Back in the overheated flat, Frank has managed to free up Bill’s bent leg, and untangle the catheter and bag.
‘You wouldn’t want that to burst,’ he says. It certainly is full. Frank finds a jug from the bathroom and empties the noxious brown fluid into it whilst I start unpacking all the kit.
‘It’s my own stupid fault for getting up to go for a shit,’ Bill says amiably, to fill the time. ‘Pardon my French. I don’t go that often. Once every five days or so. But when I go – well, it’s like the world falling out of my arse. The Old World. Gondwana. Dinosaurs, volcanoes and all.’
We stand discussing the best way of getting him up. Like so many of the jobs we go to, it’s an exercise in improvisation. Bill tells us that he can’t rock from side to side and shuffle himself backwards onto the mangar, so we decide to get the sliding sheet underneath him, and then use that to drag him onto the cushions.

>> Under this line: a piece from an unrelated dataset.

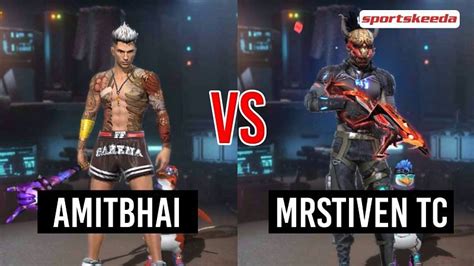 Amitbhai Desi Gamers Vs Mrstiven Tc Who Has Better Free Fire Stats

‘So I had an unenviable choice to make. Either lay in bed and shit myself, or try to make it to the loo.’ He thinks about this as we grunt and sweat trying to get the sliding sheet into position. ‘The other thing that crossed my mind was – I might get halfway, collapse in the corridor, and then shit myself.’

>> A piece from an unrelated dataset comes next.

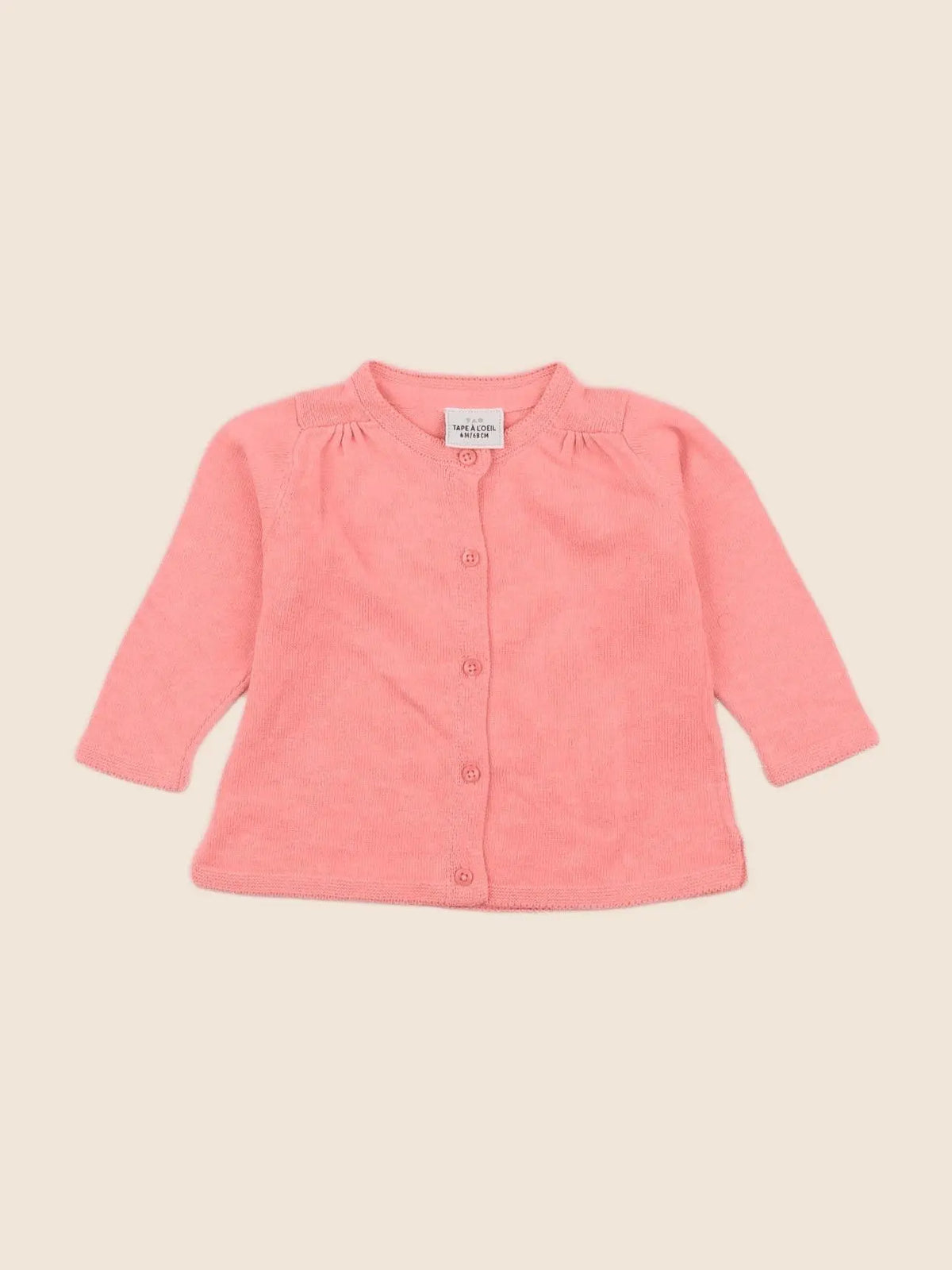 Tape à l'oeil - gilet rose fluo - 6 mois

The sheet is in place. We agree that this option was probably the cleanest, if not the easiest.
We step over Bill and each other and fumble around for hand grips, and then one, two, three – haul him back onto the cushions.
‘There she blows,’ he says. I plug in the air hoses to the four cushions, and when Frank has himself in a position where he can stabilise Bill, I start inflating. He rises up.
‘It’s a miracle!’, he says, ‘A levitating saint! God, that’s easier on my arse.’
The cushions reach their maximum height and the job is looking more manageable. Bill says he doesn’t feel confident about standing up and walking just yet, but he doesn’t want to go back to bed, either. He says he wants to go into the front room and sit at his computer. He says the best way to do this would be to bring his office chair through. He can transfer onto that, and we can wheel him in.
When we get him into the office chair, it bends precariously.
‘Are you sure this is a good idea, mate?’, says Frank. ‘I don’t think this chair was ever designed to cope with – er – loads like this.’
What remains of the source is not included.